┌──

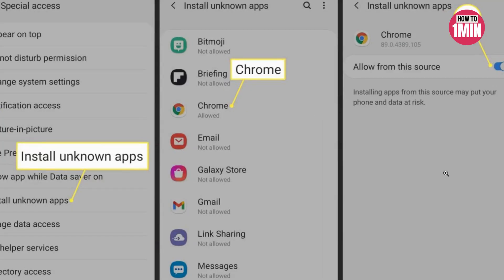First of all, you need to go to your settings and click on Install Unknown Apps. Choose your browser and toggle on the Allow From Other Source option.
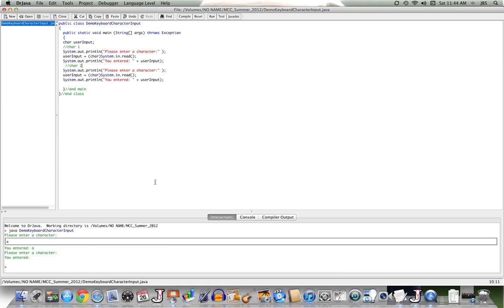Well, what's happened is this. The method read reads the next character as entered by the user, and then the read head sits there. When the user entered in a character, they entered in the character, and then pressed the return key.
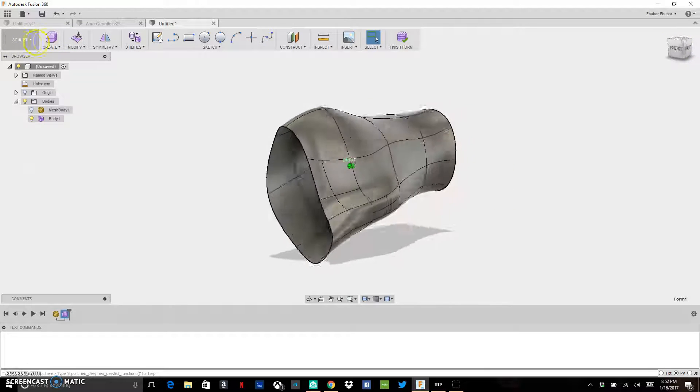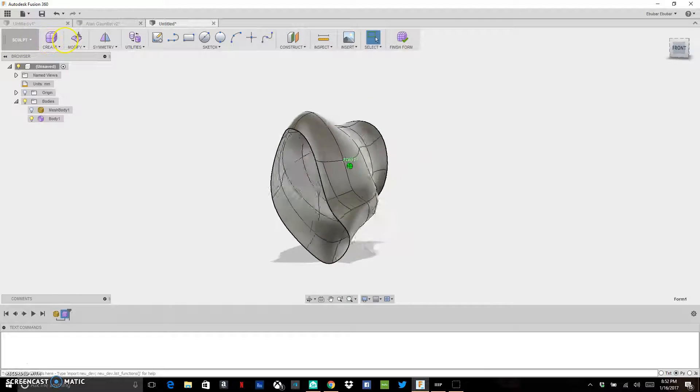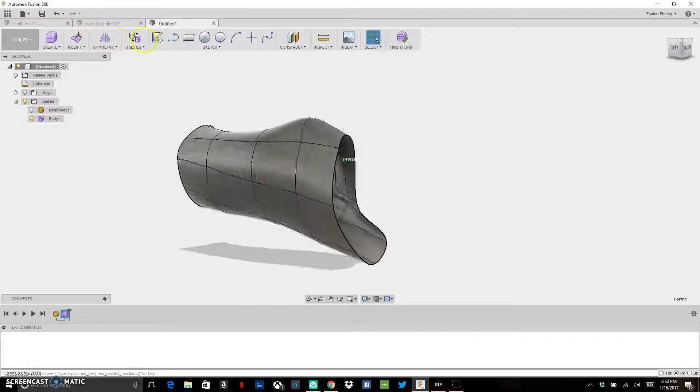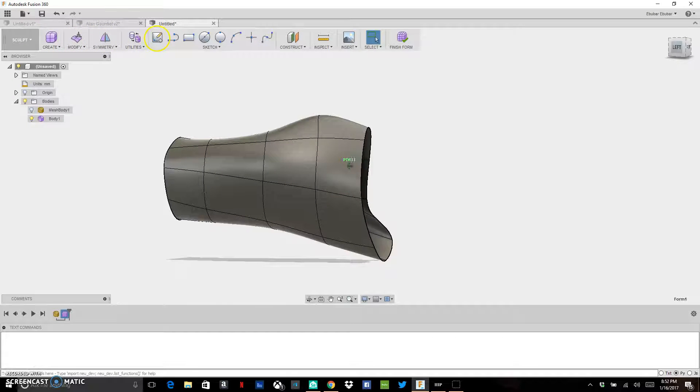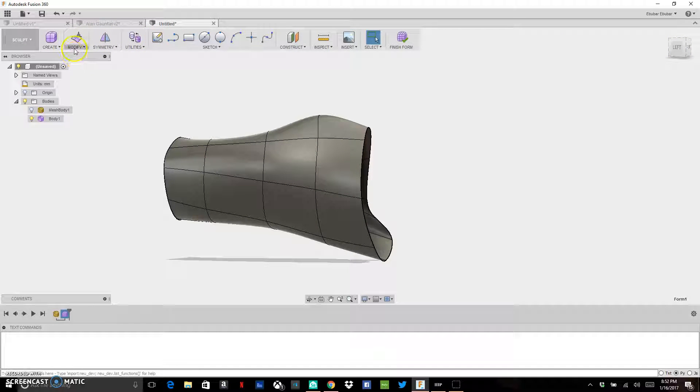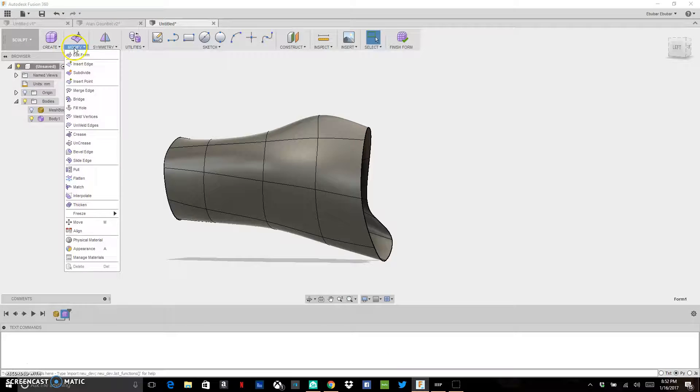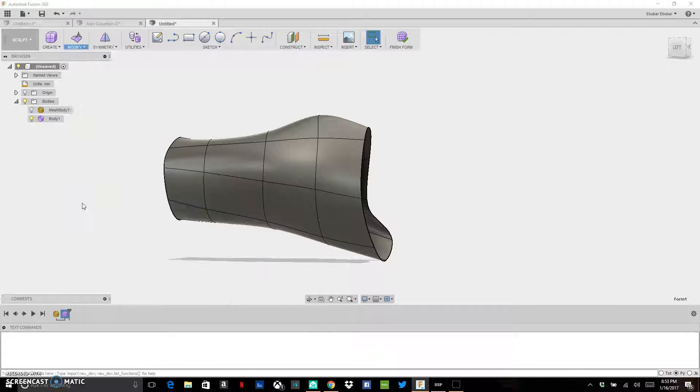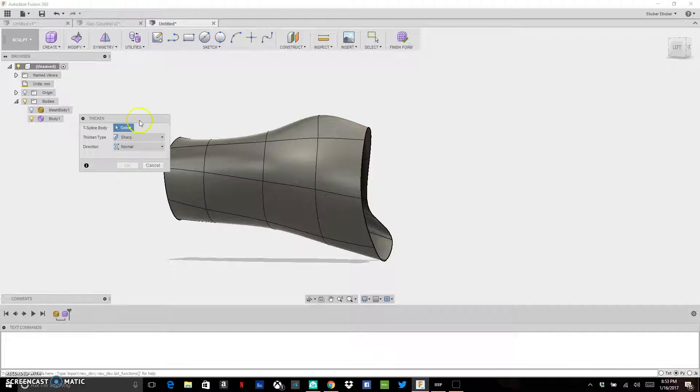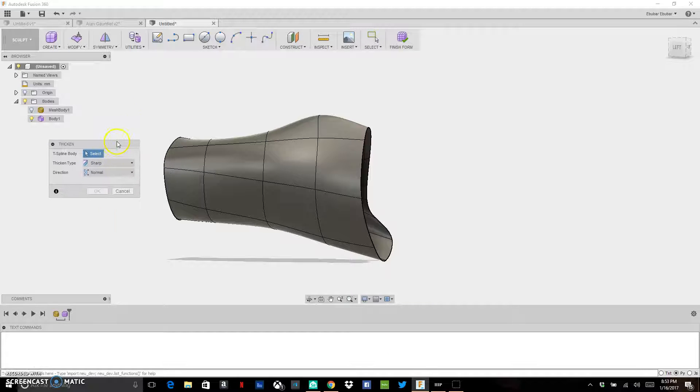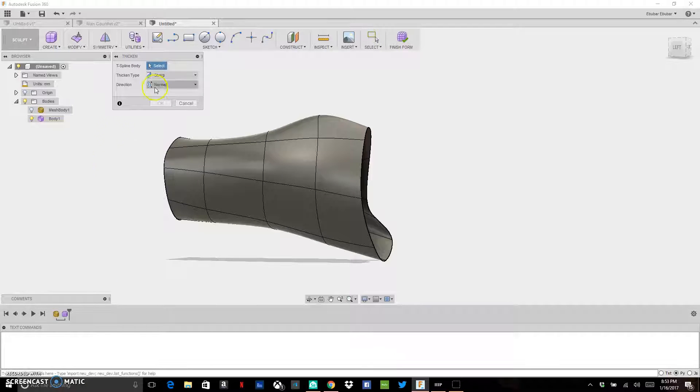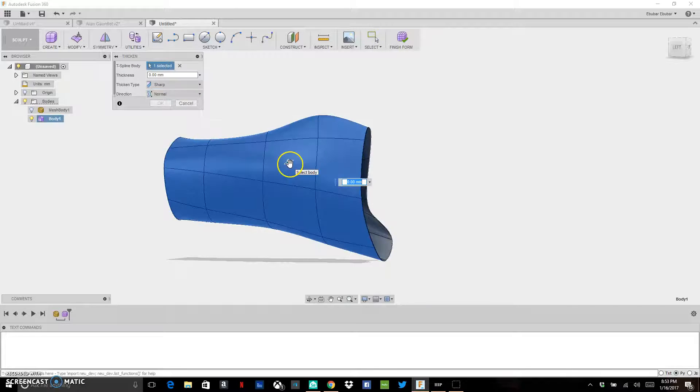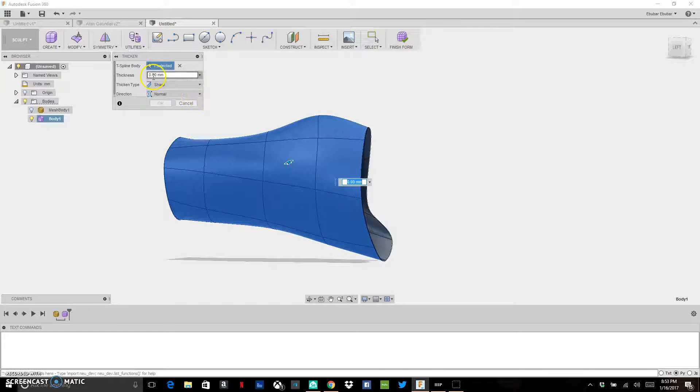To do that, the first thing we want to do is give some thickness to this model. I can go up here where it says Modify, and go down to Thicken. Click on Thicken, and it's going to ask me for a T-spline body to select. I can pick the body that I want to thicken, and I can thicken it as much as I want.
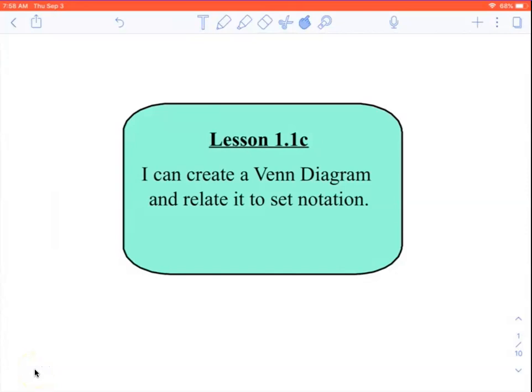Welcome to the video for lesson 1.1c. In province stats, we are going to be able to create a Venn diagram and relate it to set notation. So we've gone over lists, grids, and tree diagrams. This is another way to organize a sample space.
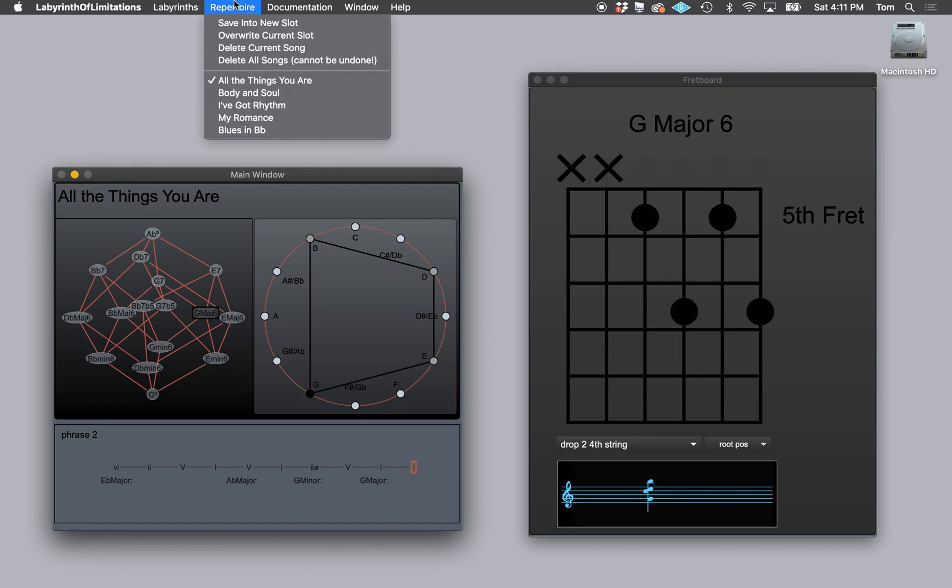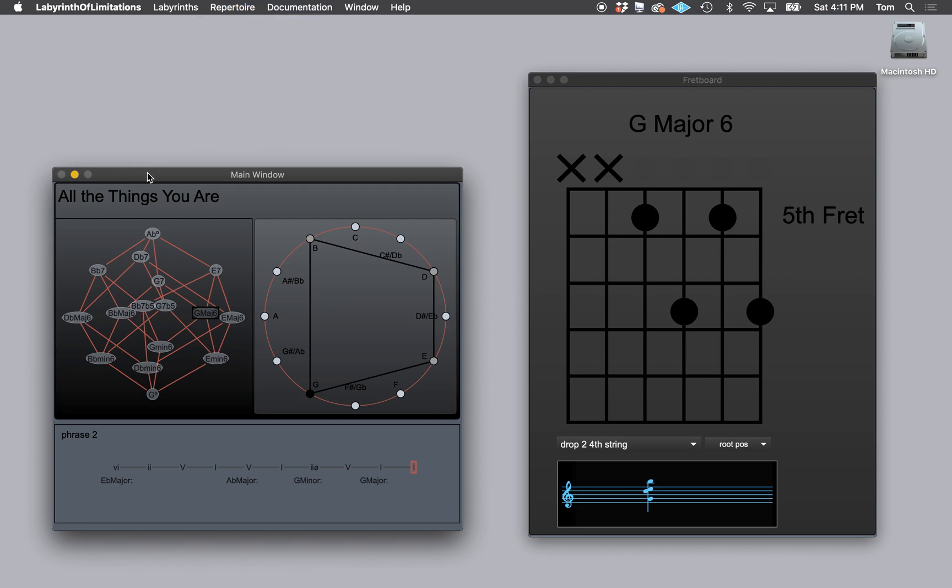You can go to repertoire and say save into new slot, or you could overwrite the current slot. And it will provide you with the dialogue to name the song. And then you hit return. And the song is named.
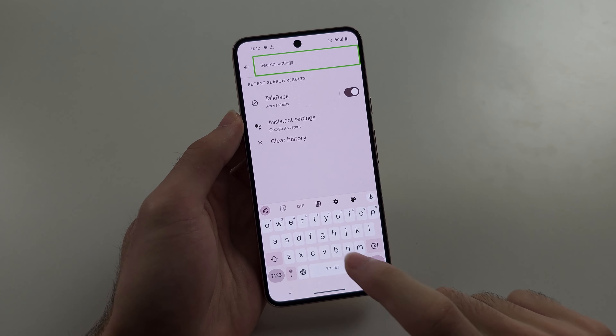Now I'm in Settings, and I can use two fingers to swipe back until we have the homepage. I'm going to tap the search bar once and then double tap to select, and I'll just search for TalkBack. You can see I just have to tap these once, and then we see the TalkBack option.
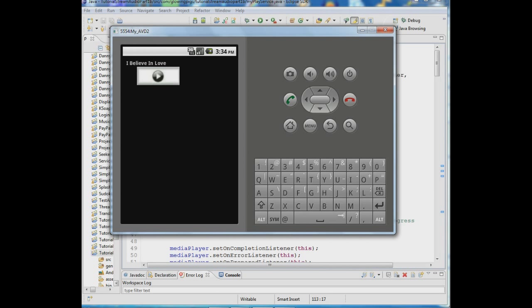Hi, this is Lou from Glowing Pigs International and this is the sixth in a series of tutorials showing you how to code an app that plays music in a service. You want to do this so that the music is in the background and a person can initiate the music then go get their email or surf the web or whatever and still have the music playing in the background.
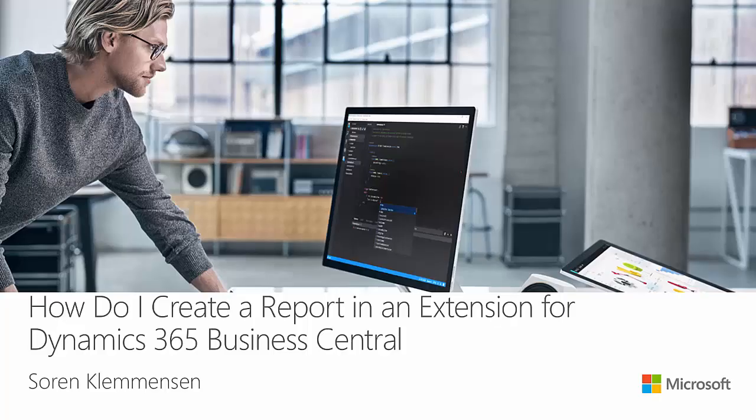Hello and welcome. My name is Søren Clemsen and in this How Do I video, we're going to create a report in an extension for Dynamics 365 Business Central.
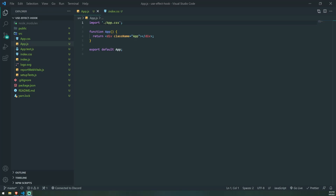Alright guys, welcome back to a brand new ReactJS tutorial. In this tutorial we're going to talk about the UseEffect hook. I actually did cover this in my two hour React course, but I figured I would make a dedicated video — a nice short detailed video talking about UseEffect and how we can actually use UseEffect.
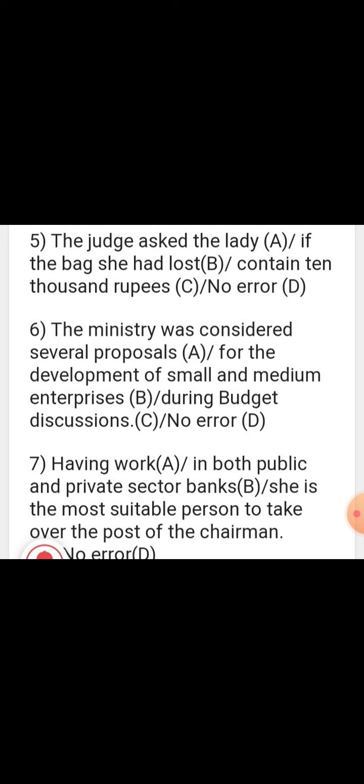Sentence: 'The ministry was considered several purposes.' The ministry is the subject — the ministry is not considered by someone, the ministry rather considers. The correct form is: 'The ministry considered for the development of small and medium enterprises during the budget discussion.' A specific time in the past is given, so the error is in part A — 'The ministry was considered' is wrong; 'The ministry considered' is right.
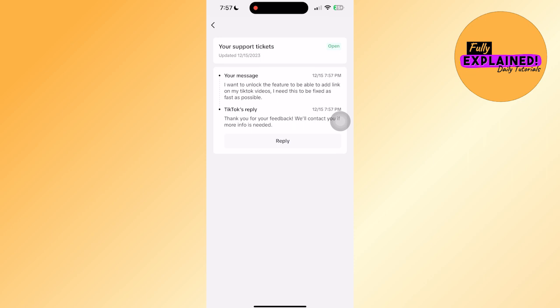Try posting a video to test if the link feature works. Sometimes it doesn't work, but if you're lucky, it will.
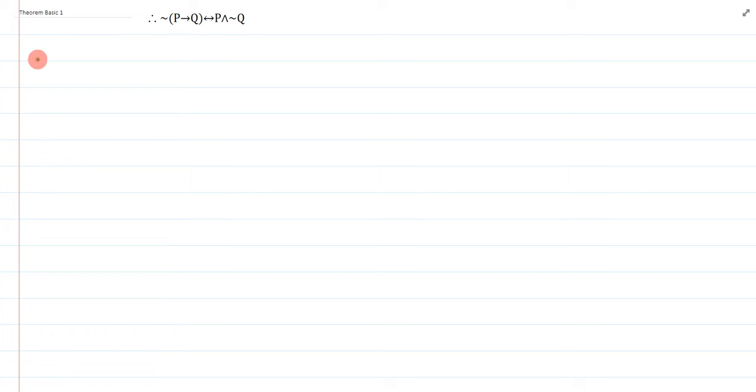Hi, everyone. The following derivation is a biconditional, and it's a theorem, which means there's no premises, and the truth of the theorem should follow straightforwardly.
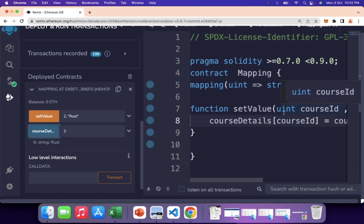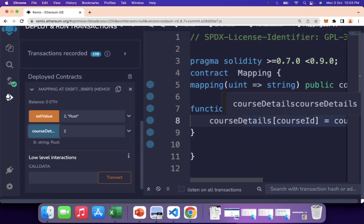This is a simple use case for mappings. Mappings are commonly used for addresses and structs as well. We'll be writing more complex mapping examples in upcoming smart contracts, where we link a key with a proper struct and access and create that struct. For now, just remember that mapping is a key-value data type. That's it for today's lesson — see you in the next class.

└──

Reproduce the records exactly, images excluded.

First of all, you need to go to your settings and click on Install Unknown Apps. Choose your browser and toggle on the Allow From Other Source option.
Well, what's happened is this. The method read reads the next character as entered by the user, and then the read head sits there. When the user entered in a character, they entered in the character, and then pressed the return key.
To do that, the first thing we want to do is give some thickness to this model. I can go up here where it says Modify, and go down to Thicken. Click on Thicken, and it's going to ask me for a T-spline body to select. I can pick the body that I want to thicken, and I can thicken it as much as I want.
Welcome to the video for lesson 1.1c. In province stats, we are going to be able to create a Venn diagram and relate it to set notation. So we've gone over lists, grids, and tree diagrams. This is another way to organize a sample space.
You can go to repertoire and say save into new slot, or you could overwrite the current slot. And it will provide you with the dialogue to name the song. And then you hit return. And the song is named.
Now I'm in Settings, and I can use two fingers to swipe back until we have the homepage. I'm going to tap the search bar once and then double tap to select, and I'll just search for TalkBack. You can see I just have to tap these once, and then we see the TalkBack option.
Hi, this is Lou from Glowing Pigs International and this is the sixth in a series of tutorials showing you how to code an app that plays music in a service. You want to do this so that the music is in the background and a person can initiate the music then go get their email or surf the web or whatever and still have the music playing in the background.
Hello and welcome. My name is Søren Clemsen and in this How Do I video, we're going to create a report in an extension for Dynamics 365 Business Central.
Alright guys, welcome back to a brand new ReactJS tutorial. In this tutorial we're going to talk about the UseEffect hook. I actually did cover this in my two hour React course, but I figured I would make a dedicated video — a nice short detailed video talking about UseEffect and how we can actually use UseEffect.
Sentence: 'The ministry was considered several purposes.' The ministry is the subject — the ministry is not considered by someone, the ministry rather considers. The correct form is: 'The ministry considered for the development of small and medium enterprises during the budget discussion.' A specific time in the past is given, so the error is in part A — 'The ministry was considered' is wrong; 'The ministry considered' is right.
Try posting a video to test if the link feature works. Sometimes it doesn't work, but if you're lucky, it will.
Hi, everyone. The following derivation is a biconditional, and it's a theorem, which means there's no premises, and the truth of the theorem should follow straightforwardly.
This is a simple use case for mappings. Mappings are commonly used for addresses and structs as well. We'll be writing more complex mapping examples in upcoming smart contracts, where we link a key with a proper struct and access and create that struct. For now, just remember that mapping is a key-value data type. That's it for today's lesson — see you in the next class.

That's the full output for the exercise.